“The FDA continues to make safe and potentially useful treatments for COVID-19 available as quickly as possible to help patients,” said FDA Commissioner Stephen Hahn. “The data supporting today’s action is encouraging. Data shows that this treatment has the potential to help even more hospital patients suffering the effects of this devastating virus.
“We are working with drug developers to conduct randomized clinical trials to further study the safety and effectiveness of a number of potential therapies against COVID-19,” he added.
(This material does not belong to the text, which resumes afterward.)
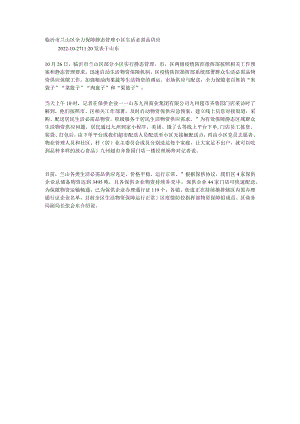 临沂市兰山区全力保障静态管理小区生活必需品供应.docx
The FDA said in its statement that it had determined it was “reasonable to believe” that remdesivir could be effective in treating suspected or confirmed cases of coronavirus in all hospitalized adults and children.
Studies have suggested that remdesivir is not a panacea for the coronavirus, with data from the New England Journal of Medicine showing that it alone does not cure patients with severe symptoms of COVID-19, although he helped patients recover faster than these. who did not receive the drug.
The Trump administration has put everything on the drug, buying up the entire global supply of antiviral drugs early on.
“It seems to be an approval model without science, without data, without evidence,” said Eric Topol, vice president of research at Scripps Research in La Jolla, Calif., And national expert on the use of data in medical research. United States today.
The FDA first cleared the use of remdesivir in hospitalized patients who needed oxygen but were not sick enough to require ventilation.